Yves Jégo (; born 17 April 1961) is a French former politician.  He was député for the third constituency of Seine-et-Marne in the National Assembly from 2002 to 2018, Mayor of Montereau-Fault-Yonne since 1995, and president of the Communauté de communes des Deux Fleuves.

He was the general delegate of the Union of Democrats and Independents, from the party's creation in October 2012. He was also vice president of the Radical Party. Jégo was the spokesman for the Union for a Popular Movement, when that party was ruling.  He is also founder and president of a local party Mieux Vivre Ensemble (MVE), formerly known as Mouvement des Seine-et-Marnais (MdSM). 
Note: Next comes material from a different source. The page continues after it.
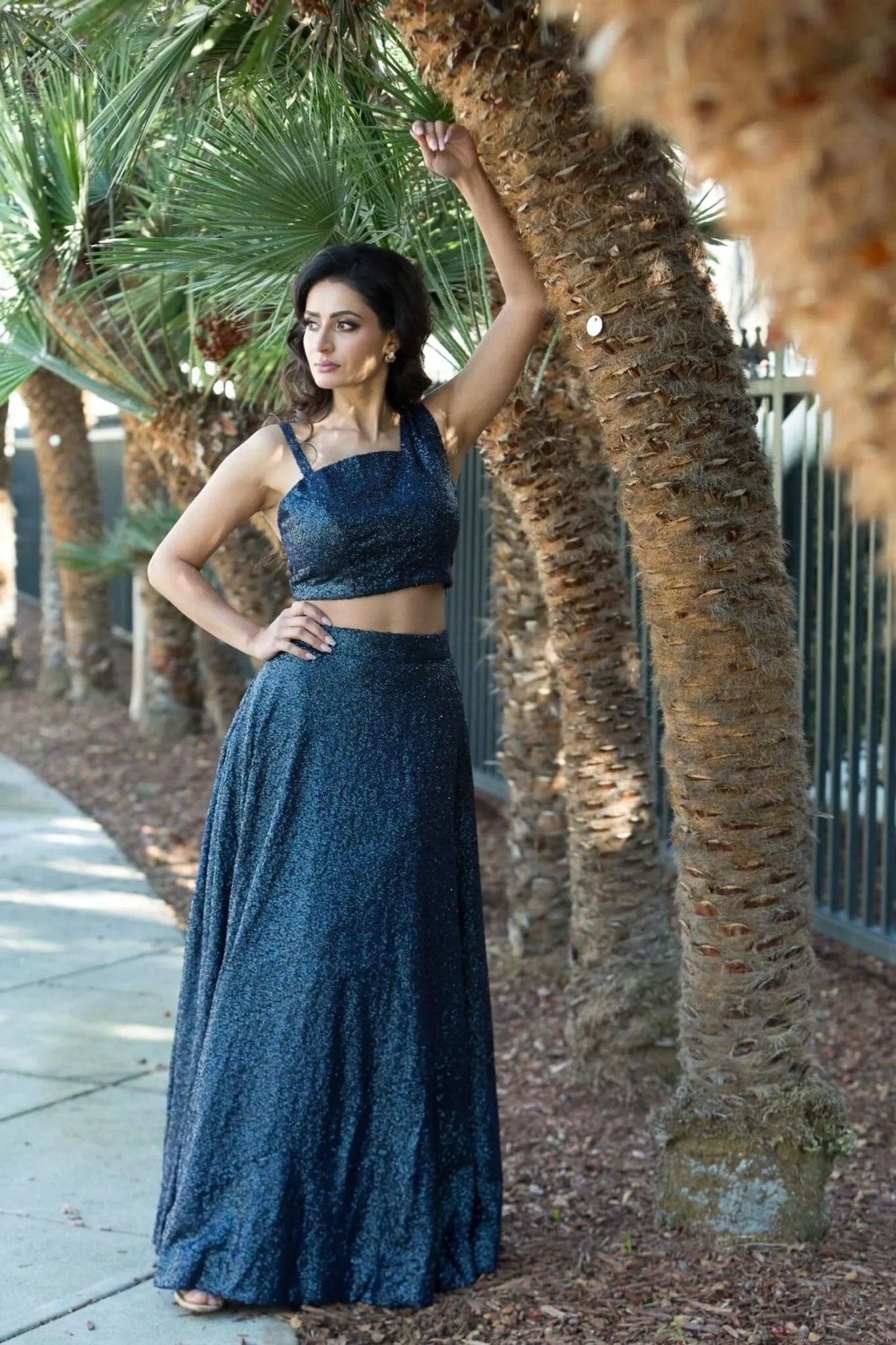 Blue Fusion Lehenga and Crop Top Set  with Sequin Embroidery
Jégo was appointed Secretary of State for Overseas in the government of François Fillon on 18 March 2008. He was therefore the Minister in charge of French Oversea territories during the 2009 French Caribbean protests and general strikes against high living costs and particularly the costs of food and fuel.  As he undertook the dismantling of monopolies, his role was the subject of controversy. He was replaced by Marie-Luce Penchard on 23 June 2009 and was not given another portfolio.
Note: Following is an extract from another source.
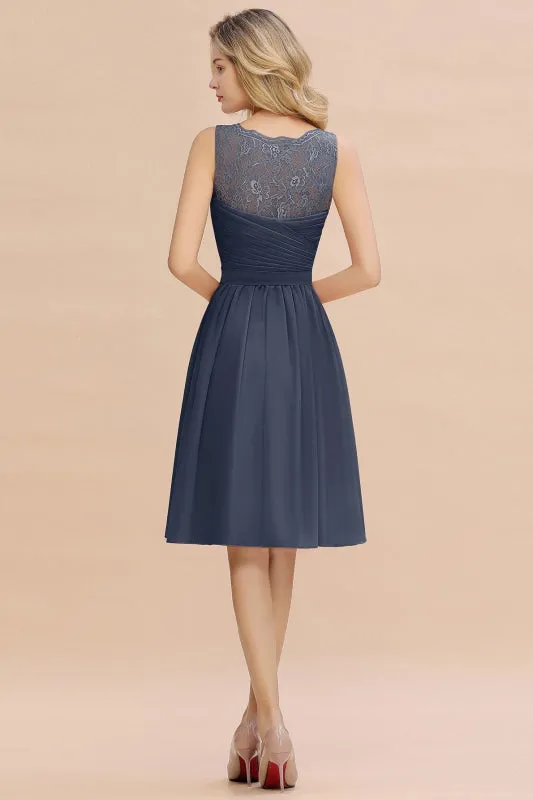 Modest Ruffle Chiffon Knee Length Bridesmaid Dress Sleeveless Floral Lace Aline Homecoming Dress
He announced in June 2018 that he would retire from politics and as a deputy in mid-July 2018. As of early 2023, he is the executive director (Délégué Général) of the Avec financial group, which is under investigation for alleged illegal asset stripping.

Political career

Governmental functions

Secretary of State for Overseas: 2008–2009.

Electoral mandates

While most members of the French parliament are also mayors or general (department) or regional councillor, Jégo is one of the few to cumulate three elected offices.
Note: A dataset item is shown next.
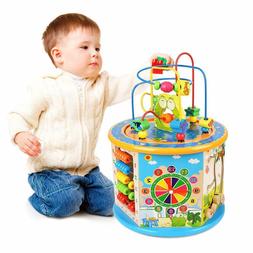 Cube d'activit&eacute; en Bois 8 en 1 Jeu d'&eacute;veil Premier &acirc;ge 1a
1. National Assembly of France

Member of the National Assembly of France for Seine-et-Marne (3rd constituency): 2002-2008 (Became secretary of State in 2008) / Again from 2009 to 2018. Elected in 2002, reelected in 2007 and 2012.

2. Municipal Council

Municipal councillor of Montereau-Fault-Yonne: Since 1989. Reelected in 1995, 2001, 2008.
Mayor of Montereau-Fault-Yonne: Since 1995. Reelected in 2001, 2008.

3. Community of communes Council

President of the Communauté de communes des Deux Fleuves: Since 2003. Reelected in 2008.

Regional Council

 Jégo has also been Regional councillor of Île-de-France: from March 2010 to his resignation in July 2011.

Accumulation of electoral mandates

According to French law against accumulation of electoral mandates, Jégo should have resigned from one of the three first mandates in this list before 21 April 2010. But giving as a pretext a legal complaint from the Front National's candidates, he still held the three of them, plus his local mandate of president of the « communauté de communes des deux fleuves » (CC2F) until his resignation from the Regional Council in July 2011.

In September 2011, Yves Jégo failed to become a member of the Senate of France.
In June 2012, he was re elected as a member of the National Assembly.

Voluntary associations
Yves Jégo is involved in a number of voluntary associations.
Co-founder and president of the multi-partisan association Entreprendre Villes et quartiers, devoted to the promotion of the French Zones Franches Urbaines (Urban Free Trade Zones) since 1996.
Founder and president since 2001 of the association la Seine en partage, devoted to the economical and cultural promotion of the Seine river.
Founder and president since 2006 of the Association Française d’Accession Populaire à la Propriété (AFAP)—formerly and briefly named Association des maisons à 100.000 euros. Its purpose is to help municipalities to build €100,000 houses and to sell them to lower-class households.

Professional experience
Development director of human resources management and recruitment firm, Light Consultant (1998–2002)
Co-founder of a publishing house, Éditions Timée (2000)
Co-founder of a publishing house, Squan Éditions (2008)
Lawyer (2010)

Executive director (Délégué Général) of the Avec financial group, which is under investigation for alleged illegal asset stripping.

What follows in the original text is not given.